* [Problem to work on] Copy every record word for word. The images stay behind.

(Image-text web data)
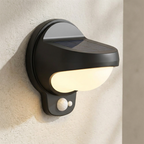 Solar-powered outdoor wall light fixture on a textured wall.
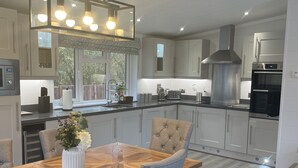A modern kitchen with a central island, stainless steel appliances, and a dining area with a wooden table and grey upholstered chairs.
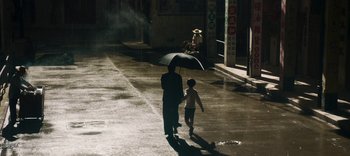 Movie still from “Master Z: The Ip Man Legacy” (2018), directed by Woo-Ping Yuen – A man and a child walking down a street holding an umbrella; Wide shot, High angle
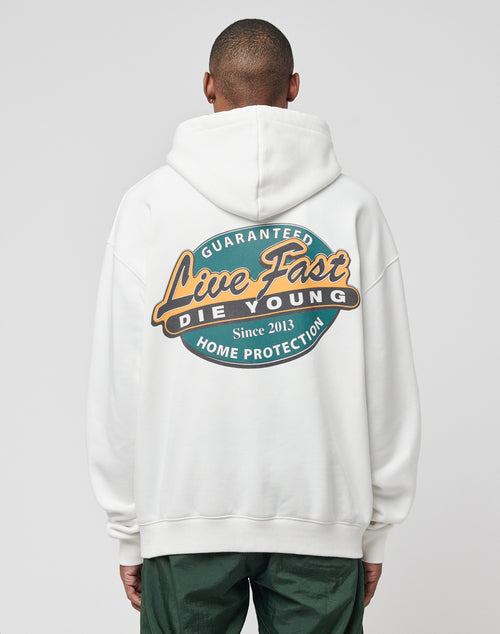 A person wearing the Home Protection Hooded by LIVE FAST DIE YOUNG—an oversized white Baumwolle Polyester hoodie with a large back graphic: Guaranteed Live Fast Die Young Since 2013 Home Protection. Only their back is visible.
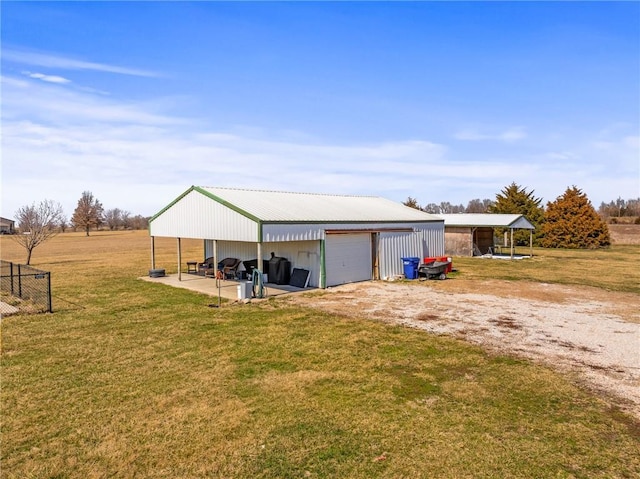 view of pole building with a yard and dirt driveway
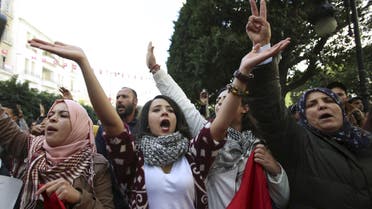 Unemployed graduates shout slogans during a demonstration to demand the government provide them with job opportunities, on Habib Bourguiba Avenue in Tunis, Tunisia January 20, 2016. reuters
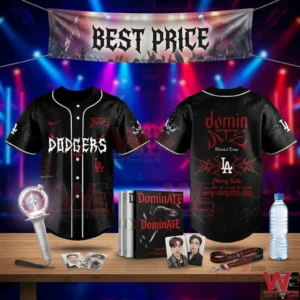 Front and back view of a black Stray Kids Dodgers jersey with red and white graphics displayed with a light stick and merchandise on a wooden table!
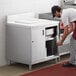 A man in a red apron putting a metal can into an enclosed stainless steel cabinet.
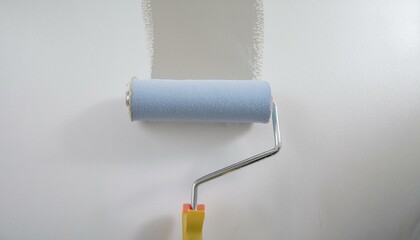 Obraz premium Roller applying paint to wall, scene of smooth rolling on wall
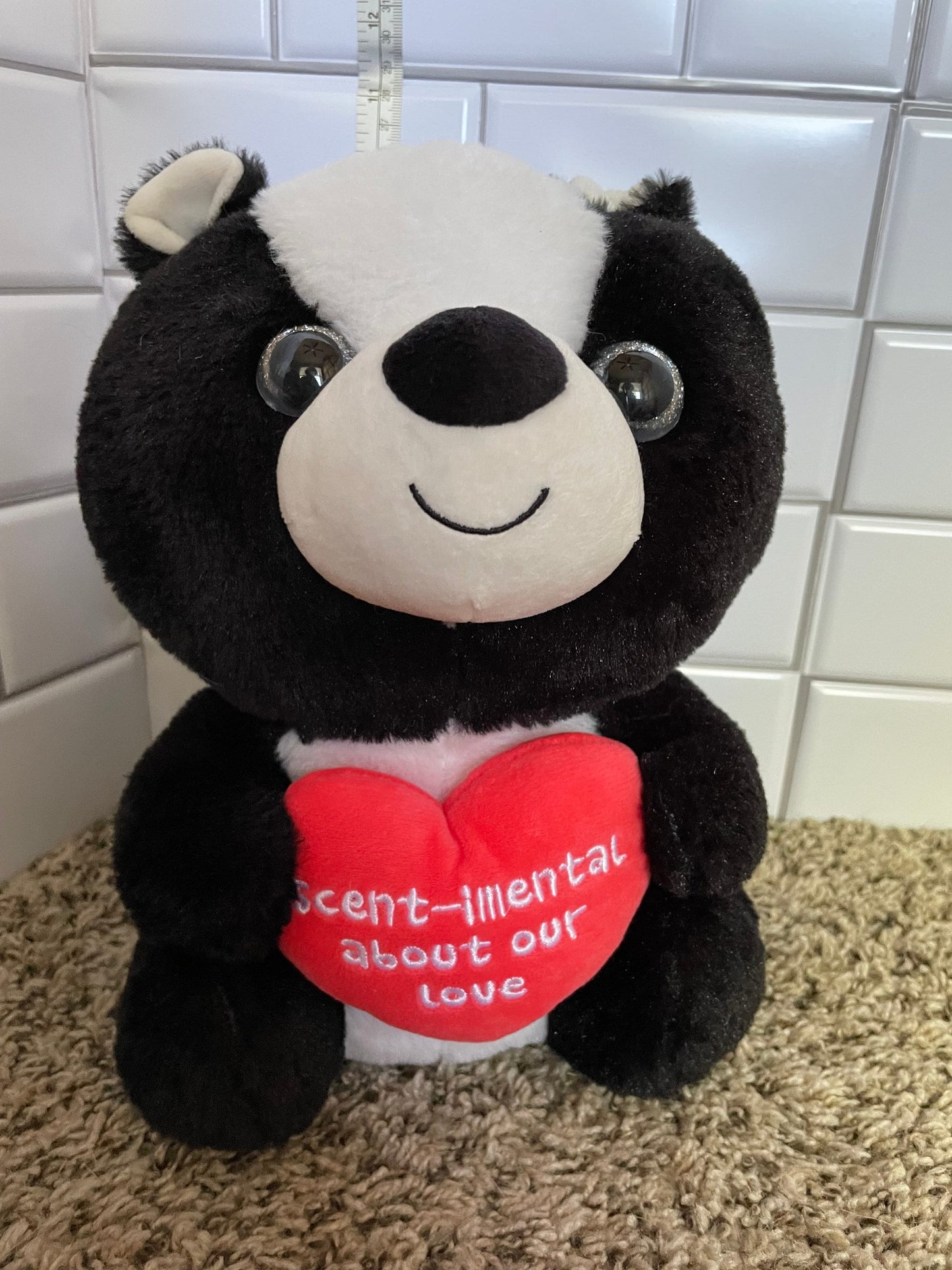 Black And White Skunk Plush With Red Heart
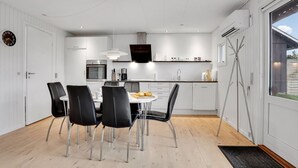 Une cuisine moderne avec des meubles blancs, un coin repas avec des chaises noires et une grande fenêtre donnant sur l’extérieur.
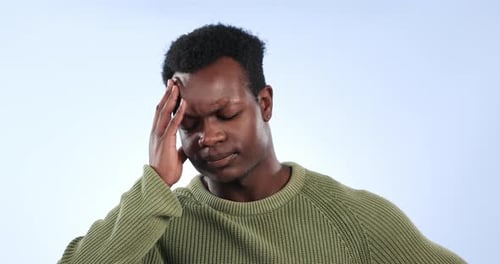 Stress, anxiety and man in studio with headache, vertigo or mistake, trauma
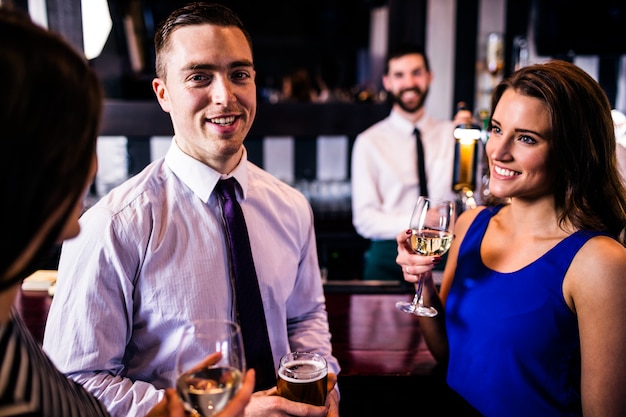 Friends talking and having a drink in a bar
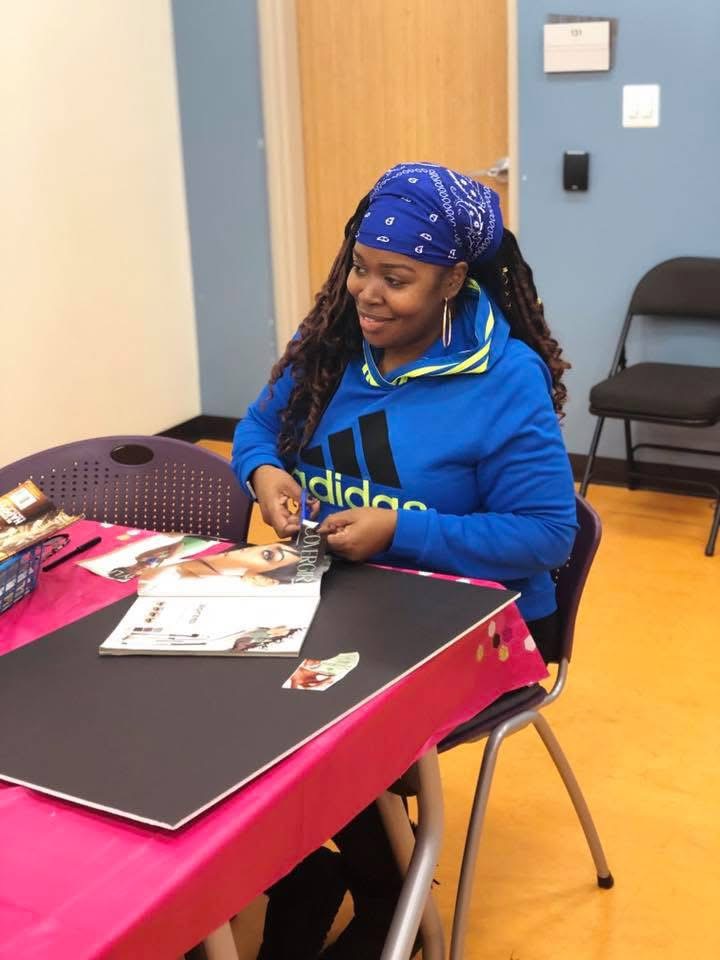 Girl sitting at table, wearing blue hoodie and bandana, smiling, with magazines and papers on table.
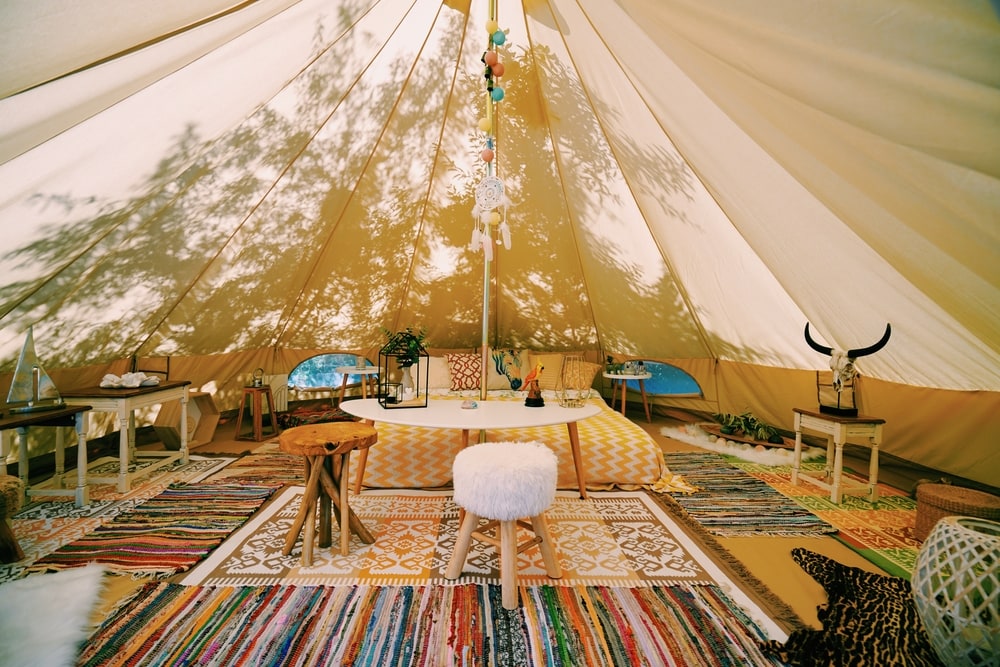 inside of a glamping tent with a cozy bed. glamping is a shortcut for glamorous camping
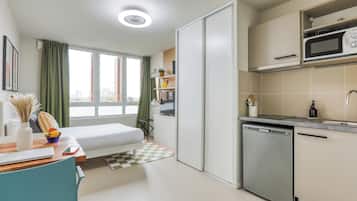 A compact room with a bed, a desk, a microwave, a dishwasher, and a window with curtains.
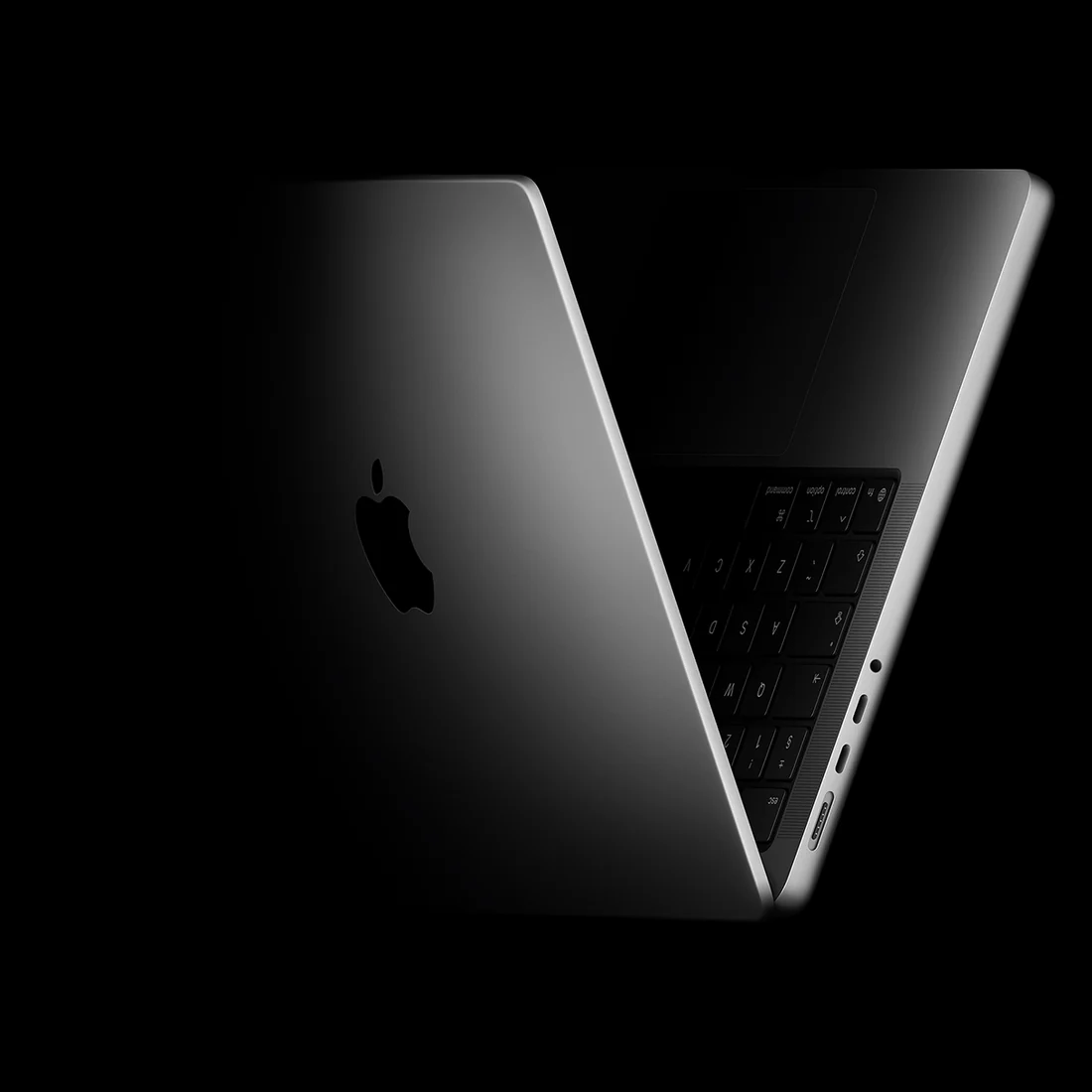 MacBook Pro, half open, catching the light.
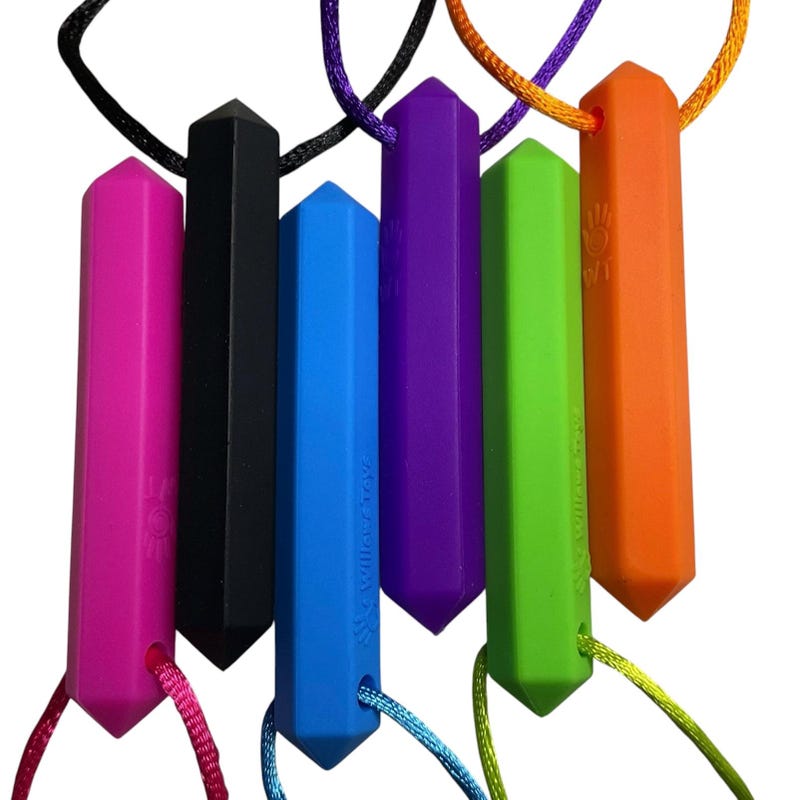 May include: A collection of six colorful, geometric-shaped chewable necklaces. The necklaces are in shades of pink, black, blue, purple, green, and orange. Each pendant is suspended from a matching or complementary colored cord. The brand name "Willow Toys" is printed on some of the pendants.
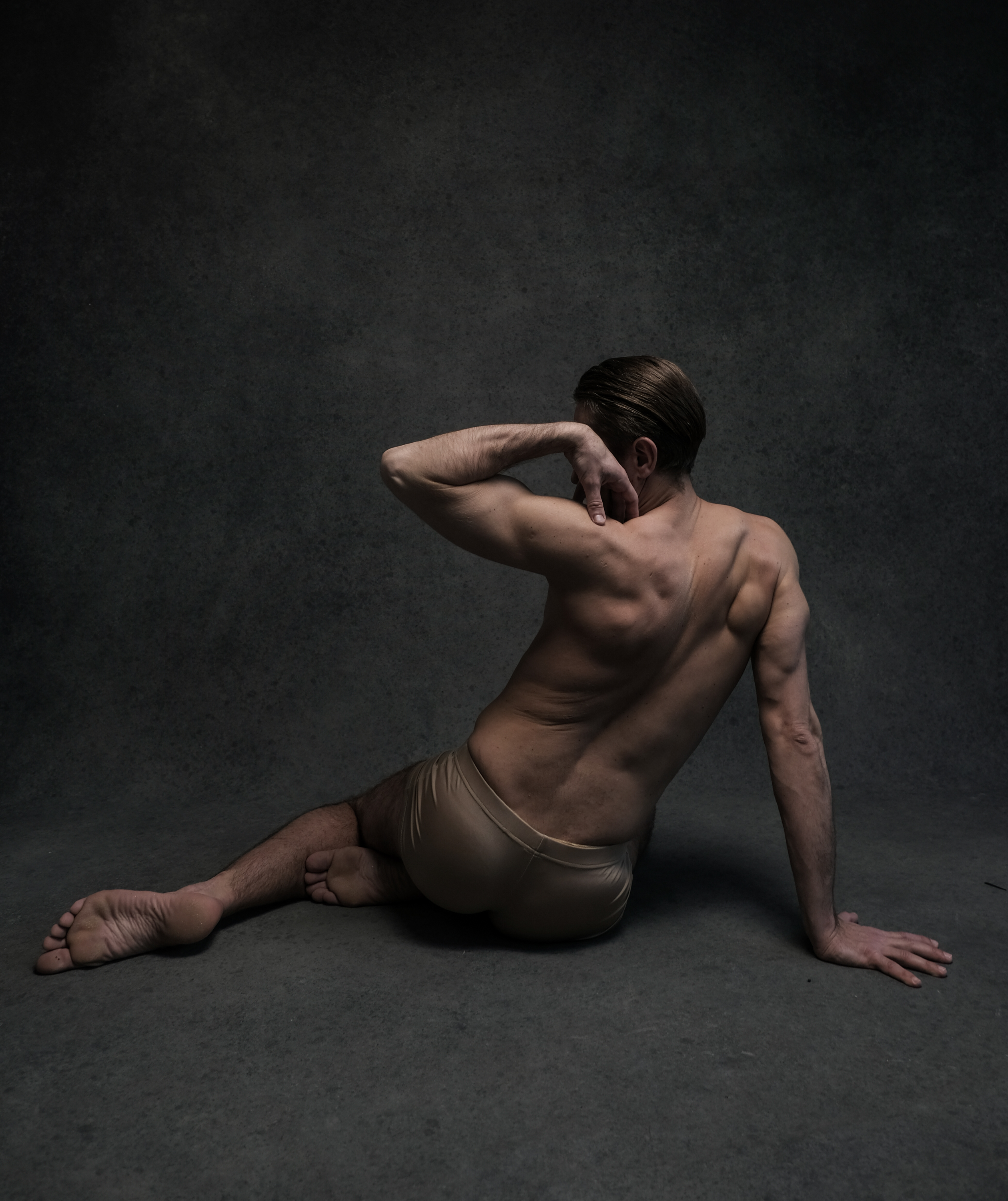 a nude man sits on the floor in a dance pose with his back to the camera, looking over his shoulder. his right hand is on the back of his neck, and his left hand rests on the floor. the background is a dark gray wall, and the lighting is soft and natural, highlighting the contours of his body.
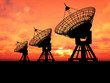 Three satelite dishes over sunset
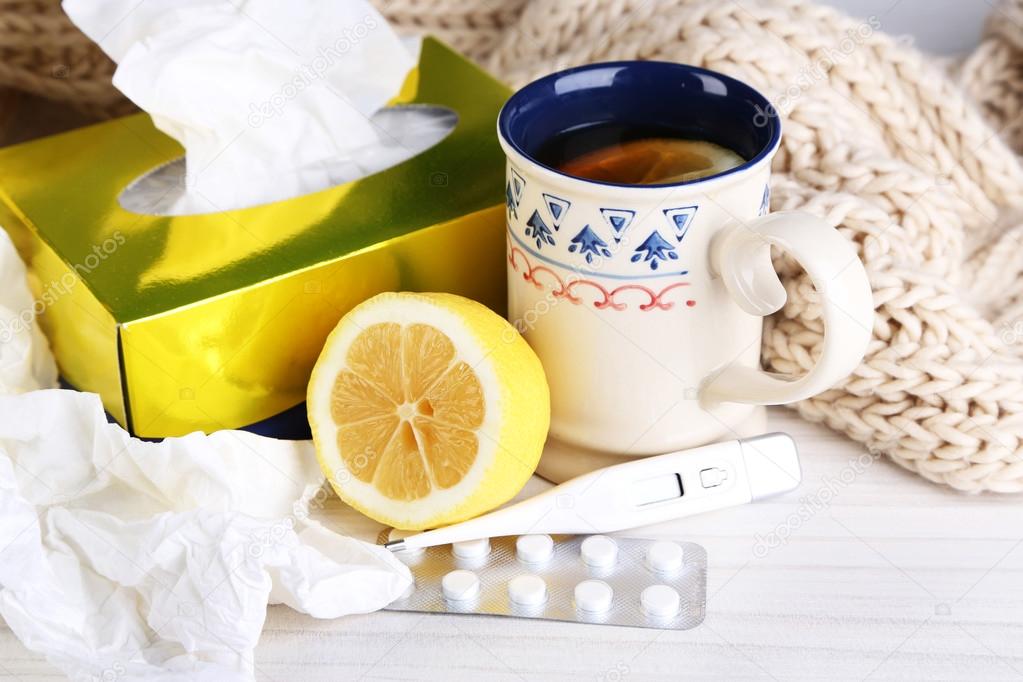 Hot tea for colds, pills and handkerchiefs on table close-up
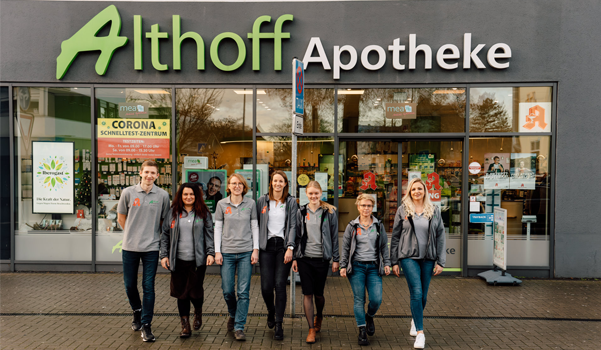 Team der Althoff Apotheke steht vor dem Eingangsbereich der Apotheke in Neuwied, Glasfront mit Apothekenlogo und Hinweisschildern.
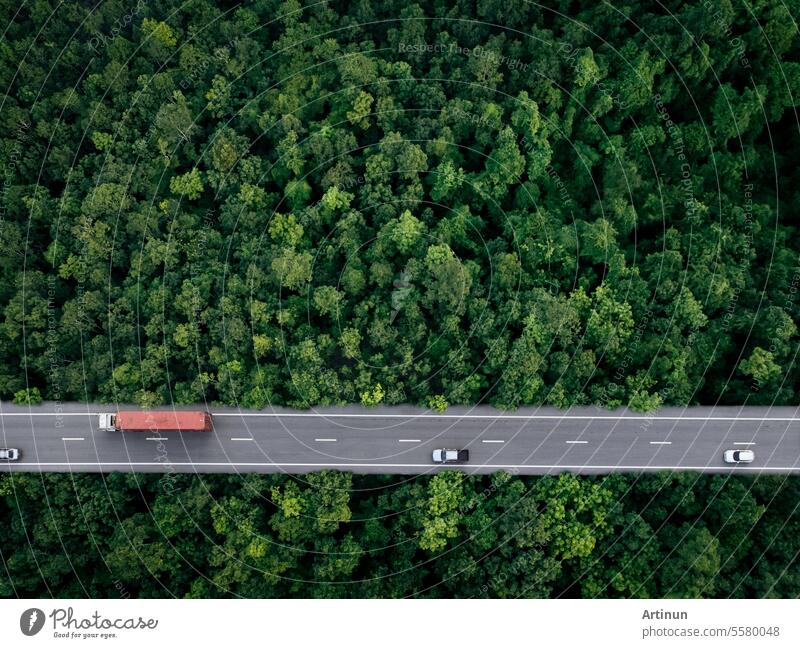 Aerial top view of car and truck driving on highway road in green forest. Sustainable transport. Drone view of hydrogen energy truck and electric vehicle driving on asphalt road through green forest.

* [Response]
 Solar-powered outdoor wall light fixture on a textured wall.
A modern kitchen with a central island, stainless steel appliances, and a dining area with a wooden table and grey upholstered chairs.
 Movie still from “Master Z: The Ip Man Legacy” (2018), directed by Woo-Ping Yuen – A man and a child walking down a street holding an umbrella; Wide shot, High angle
 A person wearing the Home Protection Hooded by LIVE FAST DIE YOUNG—an oversized white Baumwolle Polyester hoodie with a large back graphic: Guaranteed Live Fast Die Young Since 2013 Home Protection. Only their back is visible.
 view of pole building with a yard and dirt driveway
 Unemployed graduates shout slogans during a demonstration to demand the government provide them with job opportunities, on Habib Bourguiba Avenue in Tunis, Tunisia January 20, 2016. reuters
 Front and back view of a black Stray Kids Dodgers jersey with red and white graphics displayed with a light stick and merchandise on a wooden table!
 A man in a red apron putting a metal can into an enclosed stainless steel cabinet.
 Obraz premium Roller applying paint to wall, scene of smooth rolling on wall
 Black And White Skunk Plush With Red Heart
 Une cuisine moderne avec des meubles blancs, un coin repas avec des chaises noires et une grande fenêtre donnant sur l’extérieur.
 Stress, anxiety and man in studio with headache, vertigo or mistake, trauma
 Friends talking and having a drink in a bar
 Girl sitting at table, wearing blue hoodie and bandana, smiling, with magazines and papers on table.
 inside of a glamping tent with a cozy bed. glamping is a shortcut for glamorous camping
 A compact room with a bed, a desk, a microwave, a dishwasher, and a window with curtains.
 MacBook Pro, half open, catching the light.
 May include: A collection of six colorful, geometric-shaped chewable necklaces. The necklaces are in shades of pink, black, blue, purple, green, and orange. Each pendant is suspended from a matching or complementary colored cord. The brand name "Willow Toys" is printed on some of the pendants.
 a nude man sits on the floor in a dance pose with his back to the camera, looking over his shoulder. his right hand is on the back of his neck, and his left hand rests on the floor. the background is a dark gray wall, and the lighting is soft and natural, highlighting the contours of his body.
 Three satelite dishes over sunset
 Hot tea for colds, pills and handkerchiefs on table close-up
 Team der Althoff Apotheke steht vor dem Eingangsbereich der Apotheke in Neuwied, Glasfront mit Apothekenlogo und Hinweisschildern.
 Aerial top view of car and truck driving on highway road in green forest. Sustainable transport. Drone view of hydrogen energy truck and electric vehicle driving on asphalt road through green forest.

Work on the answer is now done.